DataFrames use operators (i.e. ===), and can also be registered as temporary SQL tables and queried using SQL.
Example code:
ctx = new HiveContext()
users = ctx.table(“users”)
young = users.where(users(“age” < 21)
println(young.count())
SparkSQL: Data Model
SparkSQL uses a nested data model based on HIVE. It supports different data types, which allows for modelling data from HIVE, RDBMS, JSON, and native objects in JAVA/Python/Scala.
Advantages of DataFrames over Relational Query Languages
- Code can be rewritten in different languages and benefit from optimisations across the whole logical plan.
- Programmers can use control structures (if, loops)
- Logical plan is analysed eagerly although query results are computed lazily. SparkSQL reports an error as soon as the user types an invalid line of code.
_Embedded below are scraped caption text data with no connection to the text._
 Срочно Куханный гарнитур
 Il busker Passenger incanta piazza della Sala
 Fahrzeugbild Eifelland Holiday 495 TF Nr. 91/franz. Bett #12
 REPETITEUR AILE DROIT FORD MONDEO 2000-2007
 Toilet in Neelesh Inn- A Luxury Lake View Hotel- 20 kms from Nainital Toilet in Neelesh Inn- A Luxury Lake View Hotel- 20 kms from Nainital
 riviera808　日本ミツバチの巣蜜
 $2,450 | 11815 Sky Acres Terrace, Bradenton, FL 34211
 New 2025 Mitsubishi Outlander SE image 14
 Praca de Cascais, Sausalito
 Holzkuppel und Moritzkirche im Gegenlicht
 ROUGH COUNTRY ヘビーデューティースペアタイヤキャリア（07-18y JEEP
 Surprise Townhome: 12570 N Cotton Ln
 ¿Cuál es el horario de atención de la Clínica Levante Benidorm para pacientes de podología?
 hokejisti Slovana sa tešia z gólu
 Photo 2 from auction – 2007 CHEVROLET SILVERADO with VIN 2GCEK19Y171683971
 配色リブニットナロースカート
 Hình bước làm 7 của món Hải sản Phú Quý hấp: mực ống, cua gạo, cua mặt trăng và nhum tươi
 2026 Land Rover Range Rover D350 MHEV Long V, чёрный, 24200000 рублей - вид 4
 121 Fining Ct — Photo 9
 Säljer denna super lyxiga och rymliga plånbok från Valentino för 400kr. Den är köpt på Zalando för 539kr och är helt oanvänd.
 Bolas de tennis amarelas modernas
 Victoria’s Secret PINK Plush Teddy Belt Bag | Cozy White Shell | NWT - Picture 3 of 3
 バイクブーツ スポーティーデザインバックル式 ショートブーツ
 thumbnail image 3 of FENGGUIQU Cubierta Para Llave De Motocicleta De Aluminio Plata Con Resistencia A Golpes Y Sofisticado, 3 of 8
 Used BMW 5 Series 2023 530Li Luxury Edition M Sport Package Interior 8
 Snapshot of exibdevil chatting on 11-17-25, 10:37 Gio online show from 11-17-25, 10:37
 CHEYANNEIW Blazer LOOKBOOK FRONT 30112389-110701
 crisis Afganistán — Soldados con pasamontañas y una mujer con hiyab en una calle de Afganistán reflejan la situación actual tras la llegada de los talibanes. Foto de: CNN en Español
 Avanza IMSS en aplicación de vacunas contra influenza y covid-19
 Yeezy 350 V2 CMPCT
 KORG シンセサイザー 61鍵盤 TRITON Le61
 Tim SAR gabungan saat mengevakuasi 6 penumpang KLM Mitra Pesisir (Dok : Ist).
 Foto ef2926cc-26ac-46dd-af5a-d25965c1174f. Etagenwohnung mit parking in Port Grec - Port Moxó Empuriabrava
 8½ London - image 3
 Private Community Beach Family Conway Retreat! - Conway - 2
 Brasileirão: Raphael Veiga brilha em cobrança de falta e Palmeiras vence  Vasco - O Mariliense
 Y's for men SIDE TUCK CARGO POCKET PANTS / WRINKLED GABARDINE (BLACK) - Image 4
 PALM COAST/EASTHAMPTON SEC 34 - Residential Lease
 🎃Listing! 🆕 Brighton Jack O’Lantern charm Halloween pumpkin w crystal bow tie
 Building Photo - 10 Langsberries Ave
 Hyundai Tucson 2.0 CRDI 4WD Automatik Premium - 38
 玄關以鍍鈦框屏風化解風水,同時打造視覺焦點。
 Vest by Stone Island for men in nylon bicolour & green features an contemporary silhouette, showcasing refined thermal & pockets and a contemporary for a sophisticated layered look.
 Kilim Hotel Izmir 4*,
SparkSQL: Querying Native Datasets
SparkSQL infers the schema of the native objects of a programming language automatically. This allows running relational operations on existing Spark programmes, and combines RDD’s with external structured data.
SparkSQL: Catalyst
It’s a query optimiser built on Scala, uses Scala’s pattern matching features, and represents Abstract Syntax Trees (AST’s) and applies rules to manipulate them.
Example code:
tree.transform{
case Add(Literal(c1), Literal(c2)) -> Literal(c1+c2)
}